ICM — Product Overview

The Problem

AI coding agents are amnesic. Every session starts from zero. Every context window compaction erases hours of accumulated understanding.

What this costs you:

Agents re-read the same files every session → wasted tokens and time
Architecture decisions are re-discussed endlessly → friction on every task
Resolved bugs resurface because the fix was forgotten → regression in efficiency
New team members' agents have zero project context → slow ramp-up
Switching between tools (Claude, Cursor, Codex) loses all accumulated knowledge

Existing solutions fall short:

Solution	Problem
Mem0	2 LLM calls per message (~2k tokens/interaction). Cost compounds fast.
MemGPT/Letta	Agent manages its own memory. No cross-tool portability.
CLAUDE.md files	Static, manual, no search, no decay, no structure.
Context window stuffing	Doesn't scale. 200k tokens isn't infinite.

The Solution

ICM is a permanent memory system for AI agents. One binary, zero dependencies, MCP native.

5 Differentiators

1. Two memory models

Not everything deserves the same treatment. Episodic memories (decisions, errors) decay naturally. Semantic knowledge (architecture graphs) persists forever. ICM models both.

2. Multilingual by default

Store in French, recall in English. 100+ languages supported out of the box. No configuration needed. Benchmarked at 93% multilingual recall accuracy.

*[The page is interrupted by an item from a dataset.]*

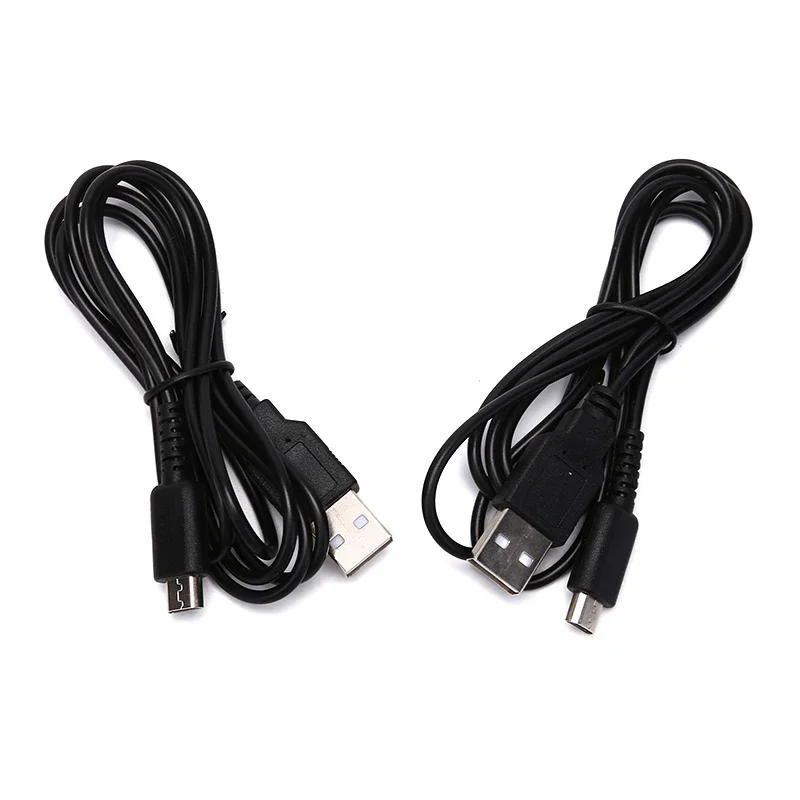 DS Lite NDSL DSL USB شحن كابل شاحن الطاقة سلك من الرصاص محول لـ NS
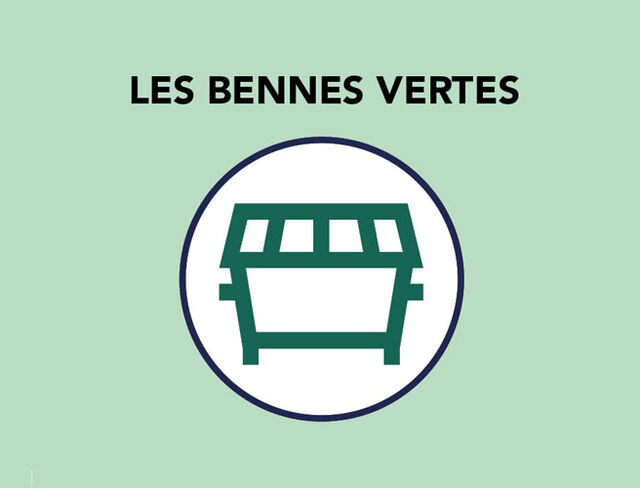 Le retour des Bennes Vertes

3. Zero LLM cost for extraction

Rule-based pattern matching detects architecture decisions, error resolutions, and configuration changes. No API calls, no token cost, no latency.

4. Local-first, single file

Everything in one SQLite file. No cloud service, no API key for storage, no network dependency. Your memory stays on your machine. Works offline.

5. Universal tool support

icm init configures 14 tools in one command. Works with Claude Code, Cursor, VS Code, Windsurf, Zed, Amp, Amazon Q, Cline, Roo Code, Kilo Code, Codex CLI, OpenCode, Claude Desktop, Gemini. Switch tools without losing memory.

Use Cases

Solo Developer — Session Continuity

Problem: every Monday morning, your agent has forgotten everything from Friday.

Session 1 (Friday):
  "I chose PostgreSQL because we need JSONB for flexible schemas"
  "The auth service uses JWT with 24h expiry, refresh tokens in Redis"
  "Fixed: connection pool exhaustion under load — switched to PgBouncer"
  → All stored in ICM automatically

Session 47 (3 weeks later):
  Agent: "Based on your previous decision to use PostgreSQL with JSONB..."
  → Recalls without re-reading any file

Result: -44% context tokens by session 3. -29% agent turns needed.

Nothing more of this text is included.